__ASSIGNMENT__. Please, without any pictures, set down exactly the part of the listing below that opens with the line containing "Olivkvistar och eld — Stockfoto" and closes with the line containing "International Paper: One".

RECORDS START

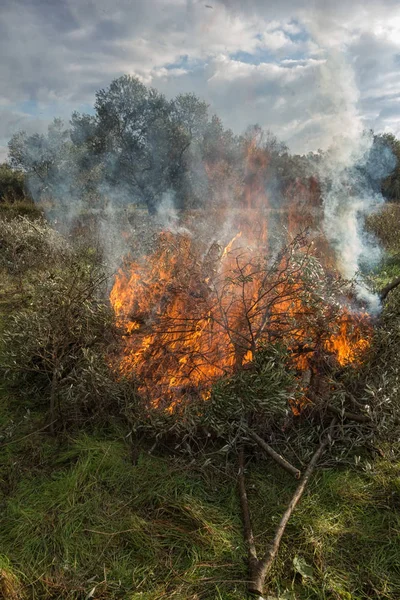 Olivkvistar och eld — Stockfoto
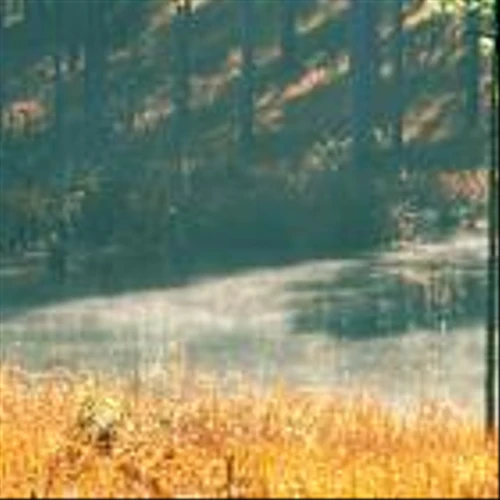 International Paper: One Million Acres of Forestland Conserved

RECORDS END
RECORDS START

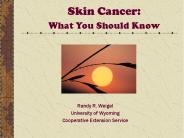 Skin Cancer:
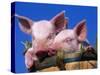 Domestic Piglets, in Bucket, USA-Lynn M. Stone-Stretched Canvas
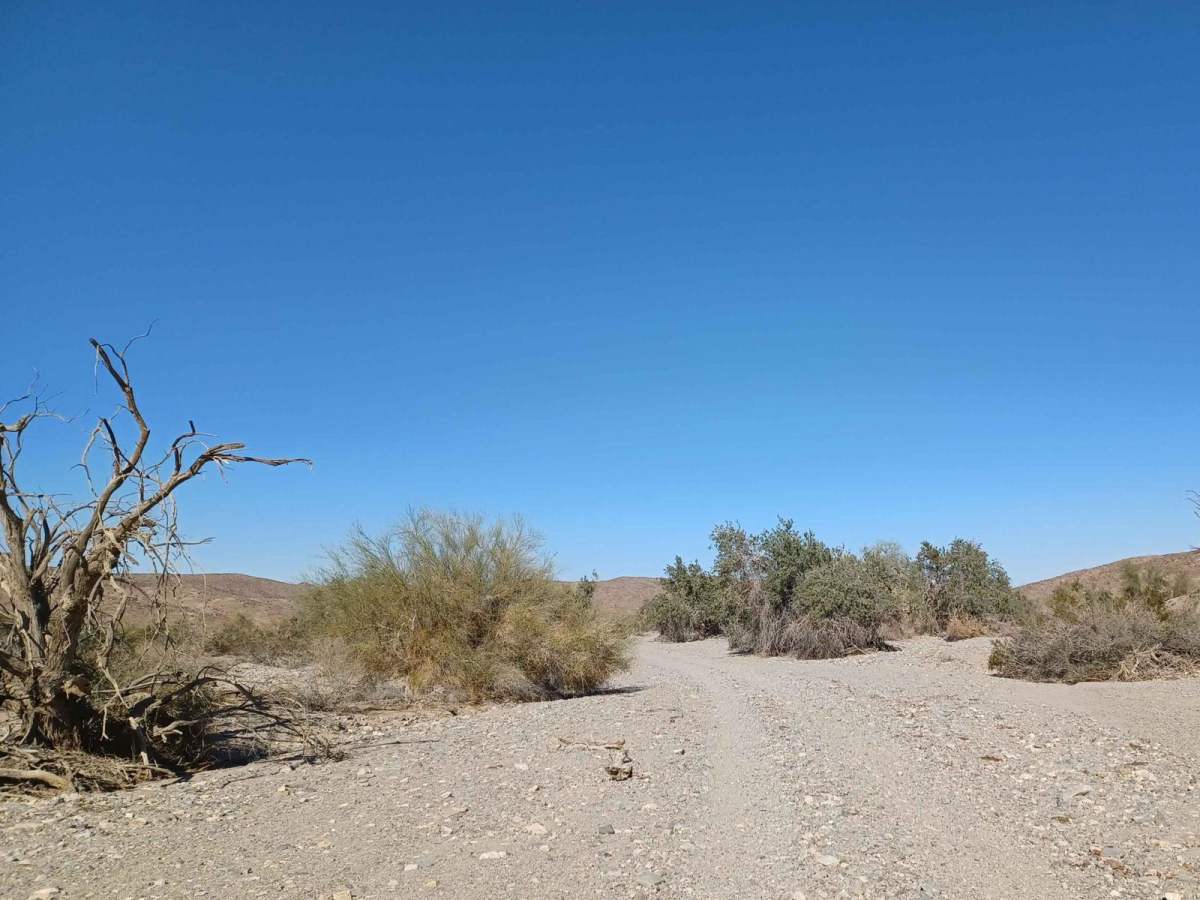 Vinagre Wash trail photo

RECORDS END
RECORDS START

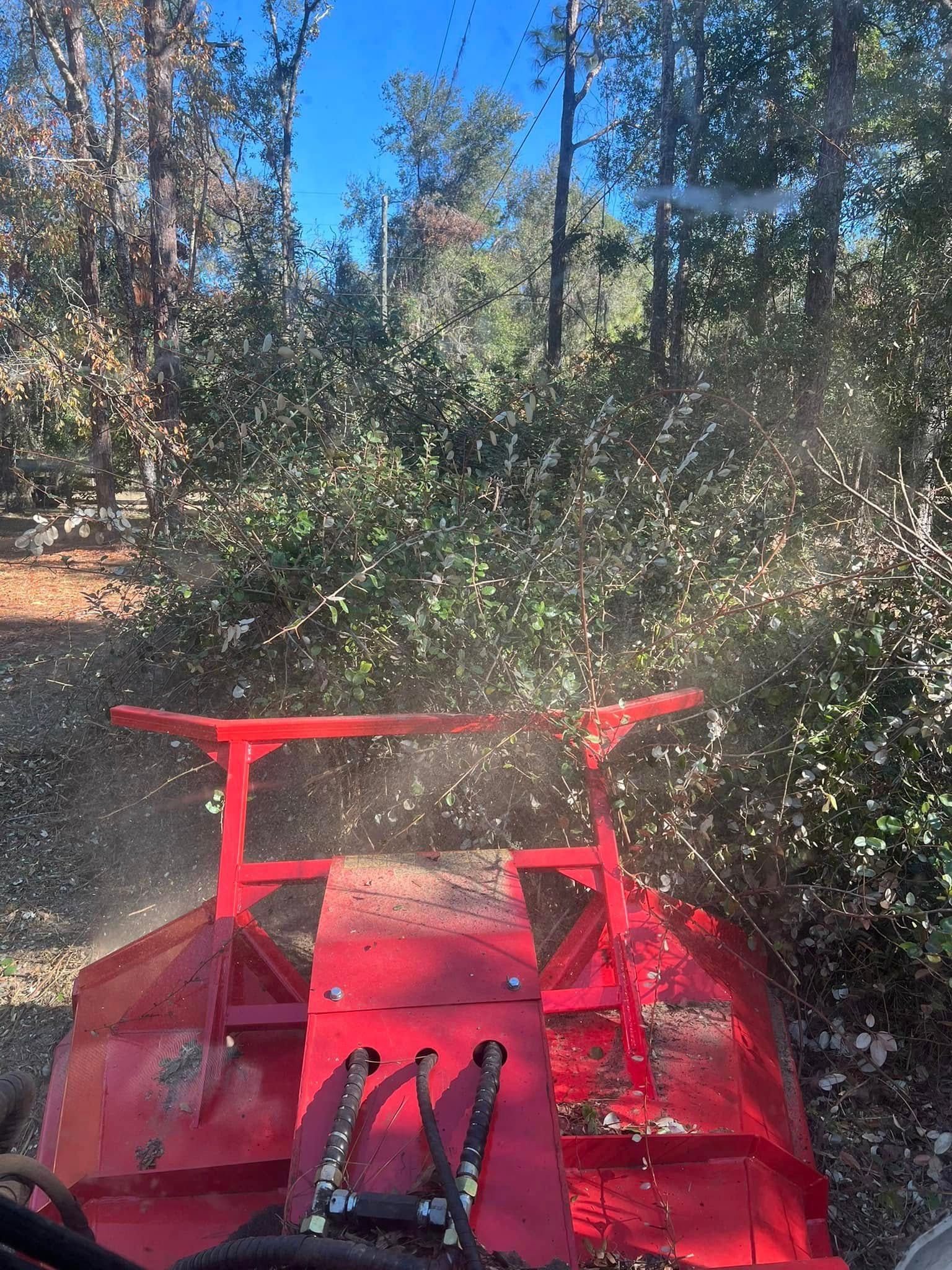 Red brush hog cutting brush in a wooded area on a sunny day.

RECORDS END

__ANSWER SPACE__.
 Olivkvistar och eld — Stockfoto
 International Paper: One Million Acres of Forestland Conserved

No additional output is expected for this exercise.